Lines of the data that contain the word "image" are the ones to copy.

◆ EXERCISE INPUT ◆
________________________________________

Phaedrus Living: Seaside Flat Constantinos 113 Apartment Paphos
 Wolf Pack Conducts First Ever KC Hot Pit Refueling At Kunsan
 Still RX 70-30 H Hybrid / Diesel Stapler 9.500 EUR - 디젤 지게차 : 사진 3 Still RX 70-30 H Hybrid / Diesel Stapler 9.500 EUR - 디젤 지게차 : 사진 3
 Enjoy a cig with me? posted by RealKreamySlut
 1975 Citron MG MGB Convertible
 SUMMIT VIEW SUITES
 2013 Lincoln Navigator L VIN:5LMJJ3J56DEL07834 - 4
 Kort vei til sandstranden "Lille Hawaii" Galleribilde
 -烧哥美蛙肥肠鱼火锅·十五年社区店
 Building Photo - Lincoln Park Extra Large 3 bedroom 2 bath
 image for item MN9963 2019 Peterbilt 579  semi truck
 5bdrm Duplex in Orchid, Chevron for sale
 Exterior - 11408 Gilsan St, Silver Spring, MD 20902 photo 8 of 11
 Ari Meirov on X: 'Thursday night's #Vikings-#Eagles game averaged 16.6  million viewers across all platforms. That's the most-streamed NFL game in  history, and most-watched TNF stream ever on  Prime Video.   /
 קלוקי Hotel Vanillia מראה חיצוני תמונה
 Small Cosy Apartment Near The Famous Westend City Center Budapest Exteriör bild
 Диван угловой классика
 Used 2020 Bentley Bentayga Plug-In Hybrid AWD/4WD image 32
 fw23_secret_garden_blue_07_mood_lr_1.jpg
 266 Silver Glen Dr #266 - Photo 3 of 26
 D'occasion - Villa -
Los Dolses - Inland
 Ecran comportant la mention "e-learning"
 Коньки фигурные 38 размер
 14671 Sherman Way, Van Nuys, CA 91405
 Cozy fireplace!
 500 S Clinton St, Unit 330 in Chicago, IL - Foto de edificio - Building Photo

________________________________________

◆ ANSWER ◆
 image for item MN9963 2019 Peterbilt 579  semi truck
 Used 2020 Bentley Bentayga Plug-In Hybrid AWD/4WD image 32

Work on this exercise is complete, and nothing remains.